**DATA:**
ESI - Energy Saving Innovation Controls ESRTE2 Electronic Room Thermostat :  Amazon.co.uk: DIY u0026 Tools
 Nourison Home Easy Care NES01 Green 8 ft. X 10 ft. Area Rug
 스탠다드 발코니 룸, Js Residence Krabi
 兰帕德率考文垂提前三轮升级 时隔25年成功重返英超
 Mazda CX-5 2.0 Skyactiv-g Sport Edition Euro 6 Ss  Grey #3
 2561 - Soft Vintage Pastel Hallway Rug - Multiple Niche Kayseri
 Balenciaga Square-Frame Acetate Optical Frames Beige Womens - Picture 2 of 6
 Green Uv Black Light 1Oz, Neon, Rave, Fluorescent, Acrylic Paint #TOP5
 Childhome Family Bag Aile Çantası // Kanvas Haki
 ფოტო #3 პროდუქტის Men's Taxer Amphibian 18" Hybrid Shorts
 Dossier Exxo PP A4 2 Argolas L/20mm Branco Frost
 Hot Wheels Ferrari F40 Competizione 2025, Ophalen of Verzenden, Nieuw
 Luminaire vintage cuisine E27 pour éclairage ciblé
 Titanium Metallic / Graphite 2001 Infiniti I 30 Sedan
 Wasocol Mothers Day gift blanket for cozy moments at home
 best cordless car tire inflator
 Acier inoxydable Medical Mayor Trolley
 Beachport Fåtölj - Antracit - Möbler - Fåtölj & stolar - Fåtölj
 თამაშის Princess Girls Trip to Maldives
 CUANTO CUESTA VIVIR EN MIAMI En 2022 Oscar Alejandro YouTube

**TO DO:**
Nothing but the lines from the one with "თამაშის Princess Girls Trip to Maldives" through the final line of the data belongs in the answer, and they must match exactly.

**YOUR RESPONSE:**
 თამაშის Princess Girls Trip to Maldives
 CUANTO CUESTA VIVIR EN MIAMI En 2022 Oscar Alejandro YouTube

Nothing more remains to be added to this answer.